Sun Li-xia, Wang Zheng, Yang Bin, Liu Juan, Qiu Ping, Chen Jia-qi
Zhongshan Ophthalmic Center, Sun Yat-sen University, Guangzhou 510060, China.
Zhonghua Yan Ke Za Zhi. 2005 Jun;41(6):492-7.
To study the proliferation activity of corneal epithelial cells and the apoptosis of keratocytes in the rabbit cornea after treatment with 20% ethanol. The results were compared to the cornea treated with mechanical scraping of the epithelial cells.
The experimental group consisted of 42 rabbits. One of the two corneas of each rabbit was incised by 8 mm epithelial trephine using in LASEK and was exposed to 20% ethanol (in distilled water) in the trephine for 40 seconds.
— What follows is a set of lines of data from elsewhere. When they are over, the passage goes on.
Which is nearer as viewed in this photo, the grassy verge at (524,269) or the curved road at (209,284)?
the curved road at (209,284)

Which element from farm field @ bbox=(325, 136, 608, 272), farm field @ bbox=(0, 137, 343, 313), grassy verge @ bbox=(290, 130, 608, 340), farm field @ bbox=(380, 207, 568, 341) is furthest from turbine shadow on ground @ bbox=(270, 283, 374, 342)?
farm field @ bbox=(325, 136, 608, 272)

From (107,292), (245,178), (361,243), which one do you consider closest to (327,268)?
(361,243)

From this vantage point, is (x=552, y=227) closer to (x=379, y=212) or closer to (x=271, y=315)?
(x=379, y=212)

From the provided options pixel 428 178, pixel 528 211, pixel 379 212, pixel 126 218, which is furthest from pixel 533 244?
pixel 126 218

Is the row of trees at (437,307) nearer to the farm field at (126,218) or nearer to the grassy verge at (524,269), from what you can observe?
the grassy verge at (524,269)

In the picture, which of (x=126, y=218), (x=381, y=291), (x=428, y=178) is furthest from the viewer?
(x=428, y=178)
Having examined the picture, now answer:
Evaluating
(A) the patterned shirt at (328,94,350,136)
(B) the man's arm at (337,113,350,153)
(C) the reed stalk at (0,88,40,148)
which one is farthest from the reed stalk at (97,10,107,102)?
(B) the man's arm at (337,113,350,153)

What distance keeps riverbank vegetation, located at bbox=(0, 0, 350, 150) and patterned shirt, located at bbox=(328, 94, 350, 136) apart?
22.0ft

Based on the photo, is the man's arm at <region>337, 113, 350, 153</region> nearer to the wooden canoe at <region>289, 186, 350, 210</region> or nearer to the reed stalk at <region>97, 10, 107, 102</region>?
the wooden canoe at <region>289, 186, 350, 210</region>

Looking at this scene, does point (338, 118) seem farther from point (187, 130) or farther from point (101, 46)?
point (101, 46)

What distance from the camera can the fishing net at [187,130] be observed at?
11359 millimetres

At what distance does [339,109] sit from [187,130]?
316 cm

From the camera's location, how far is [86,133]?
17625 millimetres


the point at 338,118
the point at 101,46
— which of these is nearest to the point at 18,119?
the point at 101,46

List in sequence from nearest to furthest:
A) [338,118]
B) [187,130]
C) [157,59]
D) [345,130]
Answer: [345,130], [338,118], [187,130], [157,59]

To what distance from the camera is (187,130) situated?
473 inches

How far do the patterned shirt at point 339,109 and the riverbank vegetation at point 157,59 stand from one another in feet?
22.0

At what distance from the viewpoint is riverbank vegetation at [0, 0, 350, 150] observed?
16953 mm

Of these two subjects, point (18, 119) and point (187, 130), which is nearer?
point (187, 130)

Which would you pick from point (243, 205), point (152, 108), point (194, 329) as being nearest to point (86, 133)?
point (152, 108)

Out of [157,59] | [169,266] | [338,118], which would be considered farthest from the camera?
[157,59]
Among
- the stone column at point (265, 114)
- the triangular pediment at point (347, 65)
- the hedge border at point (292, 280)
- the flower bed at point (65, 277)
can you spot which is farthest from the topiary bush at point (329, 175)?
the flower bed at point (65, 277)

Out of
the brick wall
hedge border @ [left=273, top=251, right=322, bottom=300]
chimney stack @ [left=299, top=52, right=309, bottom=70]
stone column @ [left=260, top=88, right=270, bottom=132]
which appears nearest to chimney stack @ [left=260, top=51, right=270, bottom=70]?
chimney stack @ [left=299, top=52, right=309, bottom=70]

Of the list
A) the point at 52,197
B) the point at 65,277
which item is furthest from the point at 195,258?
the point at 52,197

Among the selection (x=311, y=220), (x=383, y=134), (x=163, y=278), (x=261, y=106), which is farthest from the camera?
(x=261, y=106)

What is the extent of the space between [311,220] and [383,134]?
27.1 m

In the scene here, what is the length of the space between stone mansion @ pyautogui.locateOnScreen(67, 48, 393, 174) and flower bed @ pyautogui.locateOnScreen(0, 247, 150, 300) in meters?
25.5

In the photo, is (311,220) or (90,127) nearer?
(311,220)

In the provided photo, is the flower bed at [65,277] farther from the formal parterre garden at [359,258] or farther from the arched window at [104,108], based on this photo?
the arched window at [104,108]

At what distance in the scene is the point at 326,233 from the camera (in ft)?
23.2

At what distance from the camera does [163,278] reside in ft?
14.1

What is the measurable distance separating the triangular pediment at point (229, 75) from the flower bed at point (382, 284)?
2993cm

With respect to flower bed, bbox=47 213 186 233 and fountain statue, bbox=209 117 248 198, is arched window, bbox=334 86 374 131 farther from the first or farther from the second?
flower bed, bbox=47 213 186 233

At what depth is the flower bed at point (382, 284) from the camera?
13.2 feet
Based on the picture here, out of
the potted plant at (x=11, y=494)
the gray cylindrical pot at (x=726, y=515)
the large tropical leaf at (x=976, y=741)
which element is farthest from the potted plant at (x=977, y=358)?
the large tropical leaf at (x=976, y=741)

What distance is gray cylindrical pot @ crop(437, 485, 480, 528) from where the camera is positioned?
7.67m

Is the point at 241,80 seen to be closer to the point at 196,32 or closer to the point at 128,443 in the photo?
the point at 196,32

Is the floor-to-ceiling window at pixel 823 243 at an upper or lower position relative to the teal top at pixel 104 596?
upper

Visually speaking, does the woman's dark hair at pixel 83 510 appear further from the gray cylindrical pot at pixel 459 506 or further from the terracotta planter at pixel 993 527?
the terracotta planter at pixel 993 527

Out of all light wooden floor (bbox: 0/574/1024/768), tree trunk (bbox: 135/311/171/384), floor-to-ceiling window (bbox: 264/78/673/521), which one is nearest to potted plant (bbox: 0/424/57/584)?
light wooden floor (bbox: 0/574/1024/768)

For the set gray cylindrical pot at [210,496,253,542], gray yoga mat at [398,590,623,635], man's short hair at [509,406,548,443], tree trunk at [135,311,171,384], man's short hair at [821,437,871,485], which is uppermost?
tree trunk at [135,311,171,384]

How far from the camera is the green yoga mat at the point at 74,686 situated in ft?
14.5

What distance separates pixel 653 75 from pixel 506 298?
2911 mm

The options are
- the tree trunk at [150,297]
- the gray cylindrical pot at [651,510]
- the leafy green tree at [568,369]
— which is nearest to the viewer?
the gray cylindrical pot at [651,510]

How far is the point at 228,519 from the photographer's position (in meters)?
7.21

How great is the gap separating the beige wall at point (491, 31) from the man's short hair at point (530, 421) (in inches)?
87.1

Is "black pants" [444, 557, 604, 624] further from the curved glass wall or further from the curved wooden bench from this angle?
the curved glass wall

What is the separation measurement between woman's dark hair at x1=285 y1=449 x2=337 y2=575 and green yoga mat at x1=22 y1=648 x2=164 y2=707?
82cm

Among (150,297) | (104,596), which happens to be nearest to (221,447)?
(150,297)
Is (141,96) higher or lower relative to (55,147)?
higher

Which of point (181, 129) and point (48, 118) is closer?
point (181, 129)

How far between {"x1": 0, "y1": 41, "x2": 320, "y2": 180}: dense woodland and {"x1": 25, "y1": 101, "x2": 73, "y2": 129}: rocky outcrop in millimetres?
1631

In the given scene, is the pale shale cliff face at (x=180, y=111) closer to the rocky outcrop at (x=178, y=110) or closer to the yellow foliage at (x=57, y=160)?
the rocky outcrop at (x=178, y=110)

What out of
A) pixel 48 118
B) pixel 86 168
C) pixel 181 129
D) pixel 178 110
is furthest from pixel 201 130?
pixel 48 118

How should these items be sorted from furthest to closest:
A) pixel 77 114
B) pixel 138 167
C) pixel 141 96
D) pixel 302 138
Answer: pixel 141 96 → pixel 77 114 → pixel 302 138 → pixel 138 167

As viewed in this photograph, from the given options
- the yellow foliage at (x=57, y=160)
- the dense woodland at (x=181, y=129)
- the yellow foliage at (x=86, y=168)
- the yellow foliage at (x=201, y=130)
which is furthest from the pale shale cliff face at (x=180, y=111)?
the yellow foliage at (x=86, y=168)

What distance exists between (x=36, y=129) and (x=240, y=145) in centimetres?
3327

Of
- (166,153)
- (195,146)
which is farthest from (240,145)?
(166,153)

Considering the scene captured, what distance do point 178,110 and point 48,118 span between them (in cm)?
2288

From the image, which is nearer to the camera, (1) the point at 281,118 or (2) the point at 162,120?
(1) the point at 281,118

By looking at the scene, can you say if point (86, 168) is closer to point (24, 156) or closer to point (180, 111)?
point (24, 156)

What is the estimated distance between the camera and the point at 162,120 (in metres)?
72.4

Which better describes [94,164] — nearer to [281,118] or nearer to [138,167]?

In the other eye, the corneal epithelium in the central area was mechanically scraped. The rabbits in the experimental group were randomly divided into seven sub-groups. Each sub-group had six rabbits and the rabbits were killed at 0, 4 hours, 1, 3, 5, 8 and 30 days after the surgery. Three rabbits without any treatment were used as blank controls. Immunohistochemical staining (Ki-67 antigen) was performed to detect the proliferation of corneal epithelial cells. Apoptotic cells were detected by TUNEL assay. Number of keratocytes in the central anterior stroma of cornea was determined by counting the total number of cells under 400 x magnification field in hematoxylin-eosin-stained corneal sections.
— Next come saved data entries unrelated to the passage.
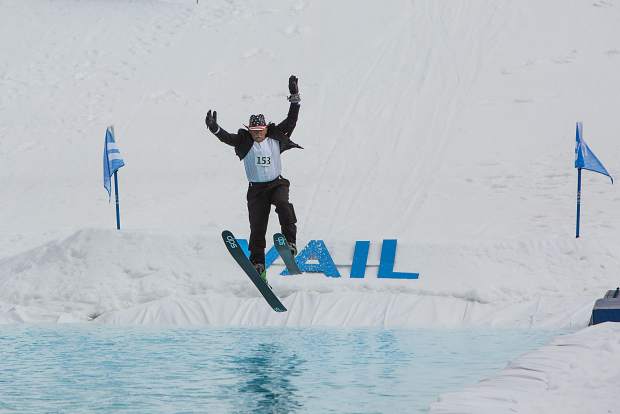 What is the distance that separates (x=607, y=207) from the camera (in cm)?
2397

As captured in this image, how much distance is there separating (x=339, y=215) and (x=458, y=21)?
12872 mm

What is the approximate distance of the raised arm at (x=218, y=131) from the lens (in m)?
9.91

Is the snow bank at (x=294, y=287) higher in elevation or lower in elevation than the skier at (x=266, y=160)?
lower

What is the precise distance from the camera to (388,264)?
18.3 meters

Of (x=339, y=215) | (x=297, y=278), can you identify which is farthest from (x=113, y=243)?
(x=339, y=215)

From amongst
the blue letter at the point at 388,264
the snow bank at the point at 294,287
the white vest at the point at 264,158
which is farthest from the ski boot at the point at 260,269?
the blue letter at the point at 388,264

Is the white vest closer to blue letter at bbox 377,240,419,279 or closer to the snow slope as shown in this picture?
the snow slope

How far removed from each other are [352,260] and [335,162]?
31.3 ft

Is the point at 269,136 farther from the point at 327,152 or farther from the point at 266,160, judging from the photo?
the point at 327,152

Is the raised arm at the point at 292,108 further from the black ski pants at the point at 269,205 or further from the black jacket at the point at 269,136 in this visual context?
the black ski pants at the point at 269,205

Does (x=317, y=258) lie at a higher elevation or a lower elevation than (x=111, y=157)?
lower

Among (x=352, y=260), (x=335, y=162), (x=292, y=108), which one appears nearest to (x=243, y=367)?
(x=292, y=108)

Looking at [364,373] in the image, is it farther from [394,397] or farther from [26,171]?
[26,171]

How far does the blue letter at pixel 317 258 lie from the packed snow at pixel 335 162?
357 mm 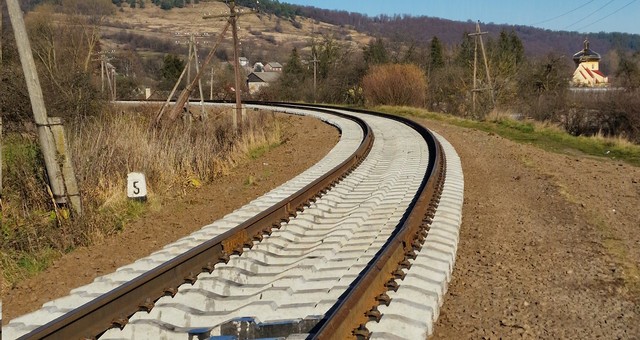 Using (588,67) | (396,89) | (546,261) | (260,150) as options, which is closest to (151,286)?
(546,261)

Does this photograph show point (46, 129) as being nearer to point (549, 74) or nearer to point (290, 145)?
point (290, 145)

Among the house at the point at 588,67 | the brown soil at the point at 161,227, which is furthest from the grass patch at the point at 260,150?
the house at the point at 588,67

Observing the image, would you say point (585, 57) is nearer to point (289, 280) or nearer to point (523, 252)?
point (523, 252)

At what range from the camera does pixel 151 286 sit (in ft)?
16.2

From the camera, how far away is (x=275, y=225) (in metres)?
7.36

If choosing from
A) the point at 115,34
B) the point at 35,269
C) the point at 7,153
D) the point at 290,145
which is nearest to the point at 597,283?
the point at 35,269

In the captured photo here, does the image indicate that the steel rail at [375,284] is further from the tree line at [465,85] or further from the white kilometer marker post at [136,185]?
the tree line at [465,85]

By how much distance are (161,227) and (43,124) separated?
87.6 inches

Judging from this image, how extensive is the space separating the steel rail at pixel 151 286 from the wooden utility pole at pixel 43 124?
10.1ft

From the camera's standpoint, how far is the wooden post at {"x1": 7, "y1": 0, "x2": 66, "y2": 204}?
26.8 ft

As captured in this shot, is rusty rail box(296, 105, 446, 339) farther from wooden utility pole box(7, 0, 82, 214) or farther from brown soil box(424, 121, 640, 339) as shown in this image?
wooden utility pole box(7, 0, 82, 214)

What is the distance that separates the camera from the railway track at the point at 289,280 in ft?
13.8

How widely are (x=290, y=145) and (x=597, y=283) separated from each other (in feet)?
43.9

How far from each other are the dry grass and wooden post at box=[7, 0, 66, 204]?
1.64ft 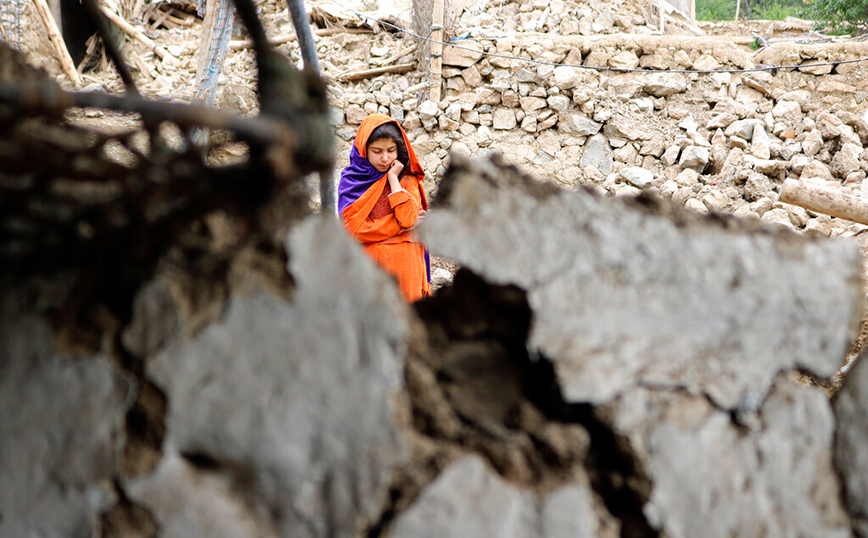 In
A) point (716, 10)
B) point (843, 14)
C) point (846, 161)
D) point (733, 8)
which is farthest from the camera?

In the ethanol-treated eyes, the number of Ki-67 positive cells peaked 5 days after the treatment in the central corneal epithelium and 1 day after the treatment in the peripheral corneal epithelium. TUNEL-positive cells were detected in the anterior central stromal keratocytes under the epithelial incisions and the number of TUNEL-positive cells reached a peak 4 hours after the treatment. There was no statistically significant difference in the number of central anterior stromal keratocytes between the ethanol-treated group and the controls (P = 0.68). In the mechanical scraping group, the number of Ki-67 positive cells in the peripheral corneal epithelium peaked 3 days after the treatment. The number of Ki-67 positive cells in the peripheral corneal epithelium of the scraping group was greater than that of the ethanol-treated group. TUNEL-positive cells were detected in the anterior central stromal keratocytes and reached a peak 4 hours after the scraping. The number of central anterior stromal keratocytes was decreased maximally 1 day after the scraping (P < 0.01).
The cornea injury caused by treatment with 20% ethanol for 40 seconds is milder than that caused by mechanical scraping. The wound-healing process in the ethanol-treated cornea is faster than that of the cornea treated with scraping. Corneal epithelium treated with 20% ethanol for 40 seconds can protect the stromal keratocytes.
研究20%乙醇处理后兔角膜上皮细胞的增殖活性及角膜基质细胞的凋亡情况,并与机械刮除上皮细胞处理的角膜进行结果对比。
实验组有42只兔。每只兔的两只眼中,一只眼采用准分子激光上皮下角膜磨镶术(LASEK)用8mm上皮环钻切开,在环钻内暴露于20%乙醇(溶于蒸馏水)中40秒。另一只眼,中央区域的角膜上皮进行机械刮除。实验组的兔被随机分为7个亚组。每个亚组有6只兔,分别在术后0、4小时、1、3、5、8和30天处死。3只未做任何处理的兔作为空白对照。采用免疫组织化学染色(Ki-67抗原)检测角膜上皮细胞的增殖情况。通过末端脱氧核苷酸转移酶介导的缺口末端标记法(TUNEL法)检测凋亡细胞。通过对苏木精-伊红染色的角膜切片在400倍放大视野下计数角膜中央前基质层的角膜基质细胞总数来确定其数量。
在乙醇处理的眼中,中央角膜上皮中Ki-67阳性细胞数量在处理后5天达到峰值,周边角膜上皮中在处理后1天达到峰值。在上皮层切口下方的中央前基质层角膜基质细胞中检测到TUNEL阳性细胞,其数量在处理后4小时达到峰值。乙醇处理组与对照组中央前基质层角膜基质细胞数量无统计学显著差异(P = 0.68)。在机械刮除组中,周边角膜上皮中Ki-67阳性细胞数量在处理后3天达到峰值。刮除组周边角膜上皮中Ki-67阳性细胞数量多于乙醇处理组。在中央前基质层角膜基质细胞中检测到TUNEL阳性细胞,在刮除后4小时达到峰值。刮除后1天中央前基质层角膜基质细胞数量减少最多(P < 0.01)。
20%乙醇处理40秒引起的角膜损伤比机械刮除引起的损伤轻。乙醇处理的角膜伤口愈合过程比刮除处理的角膜快。20%乙醇处理40秒可保护角膜基质细胞。